12 Oct 2013

Hammond hits back after claims of £2bn underspend at MoD

The Defence Secretary says critics who claim he is making “overzealous” spending cuts have no idea how the Ministry of Defence budget works.

Philip Hammond was responding to a Daily Telegraph article in which unnamed senior defence sources were quoted as saying: “Philip Hammond is being overzealous in his pursuit of austerity at the MoD. His cuts to the budget have been unnecessarily hard.”

A senior military officer told the paper: “The MoD can hardly expect the Treasury to increase the budget for capital equipment when we can’t even spend the budget we’ve been allocated. It just makes us look incompetent.”

The MoD only spent £37.7 billion of its £39.5 billion budget in 2012-13, according to the newspaper.

The unspent £1.8 billion was said to include £250 million from the budget for new equipment while another £200 million was allocated for wages but was not spent because more personnel than expected chose to leave.

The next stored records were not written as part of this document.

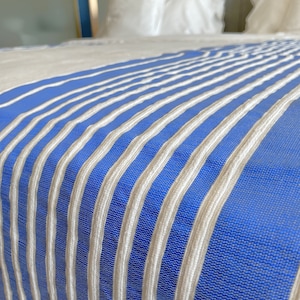 Puede incluir: Primer plano de una colcha a rayas azules y blancas. La colcha est&aacute; hecha de una tela suave y texturizada con un brillo sutil.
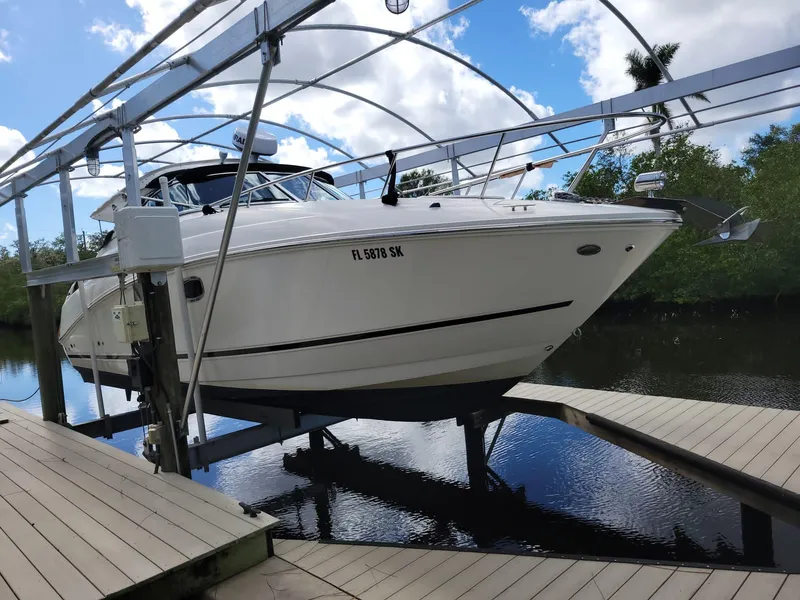 Slide: The Image of 2010 Sea Ray 280 Sundancer on boat lift, docked by lush greenery. - 4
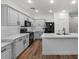 Modern kitchen featuring white cabinets, sleek appliances, and island with sink, perfect for culinary enthusiasts at 1264 E Walnut Rd, Gilbert, AZ 85298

Traditionally, government departments that underspend their budget in any given year have had to return the surplus cash to the Treasury, leading to a last-minute scramble to sign new procurement contracts as the end of the financial year looms.

But MoD officials told the Defence Committee earlier this year that the department had reached an agreement with the Treasury that underspends can now be carried over to future budgets.

Mr Hammond said: “These retired ‘senior military figures’ are presumably the same people who presided over an out of control defence budget that led to the previous government sending troops into battle without the proper equipment needed to protect them.

“They clearly have no idea how the defence budget now works. Instead of having to delay and cancel programmes as in the past, we now budget prudently and then roll forward any underspend to future years, allowing us to place new equipment orders.”

The Ministry of Defence described the complaints as “financially illiterate”.

A spokesman said: “Rather than rushing money out of the door for the sake of it within a financial year, we are committing money as and when projects require it.

“We make no apologies for having a proper grip on the equipment plan and running a tight ship with a cautious approach that, with the support of the Treasury, allows us to roll forward cash to next year, thereby ensuring the money will still be spent on equipment.”

The spat comes after Mr Hammond was heckled by ex-soldiers during his speech to the Conservative Party conference in Manchester over cuts to the Army.